Only Collin had betrayed me by opening the gate and releasing countless supernatural beings, a good portion of whom, on their way streaming out of hell, had vowed to makemepay for my ancestor’s crime. My father had died as a sacrifice, and I was on the supernaturals’ most wanted list. While Collin had offered me his own twisted form of apology, I wasn’t sure I’d ever be able to forgive him, let alone forget. Especially since he’d pledged himself to Okeus, the malevolent Croatan god.

No, I’d decided a month ago that David Preston was an honorable man, of whom my father would have approved. I loved him in my own way, and we had a very healthy sex life. It wasn’t the highly intense connection I had experienced with Collin, but it was deeper and, more importantly, it was full of trust. I could trust David implicitly with everything. I couldn’t trust Collin with anything.

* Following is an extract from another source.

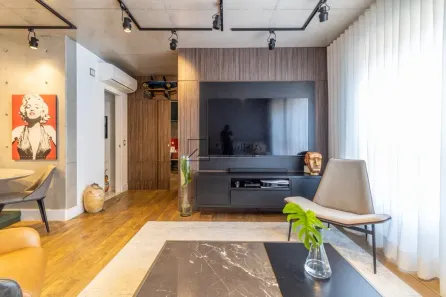 Apartamento com 1 Quarto à venda, 80m² no Vila Olímpia, São Paulo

David set his glasses on the desk and scooted his chair back, motioning me around the desk. I obliged and he grabbed my hand, pulling me onto his lap so that my legs were hanging over the arm of the chair. He placed a soft kiss on my bottom lip. “You look exhausted, love. How about we go to bed?”

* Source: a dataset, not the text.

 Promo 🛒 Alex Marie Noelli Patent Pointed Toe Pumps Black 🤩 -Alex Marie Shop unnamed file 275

I sighed with a combination of exhaustion and contentment. “That sounds wonderful, but I’m almost too tired to climb up the stairs.”

“Then I guess I’ll have to carry you,” he said in a husky voice, lifting his hand to the back of my head and pulling my hair free from my ponytail.

“Then maybe I shouldn’t have had that piece of cake on my break. You’ll never hoist me up the stairs now,” I teased. Then I heaved a sigh. I hated that I always had to steer our conversation back to serious topics, but David had a right to know what was going on. “Something happened on the way home.”

He stiffened slightly. “And what was that?”

“I met a demon in the middle of the road.” I shook my head and grimaced. “That sounds like the beginning of a bad joke.”

His eyes widened and he ran his hands up my arms, checking me for any injuries. “Are you okay?”

“I’m fine. There was no confrontation. Not really.” I couldn’t blame him for worrying. Some of my recent encounters had left me physically injured. David too. He still had a slight limp from our battle with the two rabid spirits Collin and I had ultimately destroyed.

“Then what happened? Which one was it?”

“That’s the odd part,” I said. “I asked her for her name, and she never gave it to me. They always seem eager to identify themselves, like their names are their calling cards.”

“Her?You knew it was a female?”

I wasn’t surprised by the question. Most of the spirits I’d met were animals. “It was an old woman. I wouldn’t have thought she was just any old woman, nothing special, if it weren’t for her glowing red eyes.”

“What did she look like?”

I described her, but David’s brow stayed lowered, his mouth pursed. I could tell that he didn’t recognize her from his research. “Did she say what she wanted?”

“To tell me my future.”

“What?”

“I told her that I didn’t want to hear it, but she pushed on anyway.”

“And what did she say?”

I take a deep breath. “She said I was a vessel that would either save the world or destroy it, and that it would happen soon.”

He sagged back in his seat, his arm still around me. “Bollocks.”